The function is declared in the <math.h> header file.

Syntax of hypot() in C

double hypot(double x, double y);

Parameters

The hypot(x, y) function takes two parameters:

• x: A variable of type double representing one side of the right-angled triangle.
• y: A variable of type double representing the other side of the right-angled triangle.

Return Value

The hypot(x, y) function returns the hypotenuse of a right-angled triangle with sides x and y. The result is a double value that represents the length of the hypotenuse.

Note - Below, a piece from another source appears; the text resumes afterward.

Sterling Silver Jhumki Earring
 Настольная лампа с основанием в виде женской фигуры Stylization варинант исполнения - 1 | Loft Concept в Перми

This function avoids overflow and underflow that might occur with direct computation of the square root of the sum of the squares of x and y.

Example of hypot() in C

The below program illustrates how to calculate the hypotenuse of a right-angled triangle using the hypot(x, y) function in C:

// C Program to calculate the hypotenuse of a right-angled triangle using
// hypot() function

#include <math.h>
#include <stdio.h>

int main()
{
    // Initialize variables to take the input from the user
    // and store the results
    double x, y, hypotenuse;

    // Take the input from the user
    printf("Enter the lengths of the two sides of the right-angled triangle:\n");

    // Read the lengths entered by the user
    scanf("%lf %lf", &x, &y);

    // Calculate the hypotenuse of the right-angled triangle
    hypotenuse = hypot(x, y);

    // Print the hypotenuse
    printf("The hypotenuse of the triangle with sides %.2lf and %.2lf is: %.2lf\n", x, y, hypotenuse);

    return 0;
}

Output

Enter the lengths of the two sides of the right-angled triangle:
3 4
The hypotenuse of the triangle with sides 3.00 and 4.00 is: 5.00

Time Complexity: O(1)
Auxiliary Space: O(1)

Advantages of Using hypot()

1. Numerical Stability: The hypot() function handles large and small values of x and y better than a straightforward calculation of the square root of the sum of the squares.
2. Overflow and Underflow Protection: By using internal scaling, hypot() avoids intermediate overflow and underflow during the computation, which makes it more robust for a wide range of inputs.
3. Simplicity: It provides a simple and direct way to compute the hypotenuse without needing to manually perform the intermediate steps.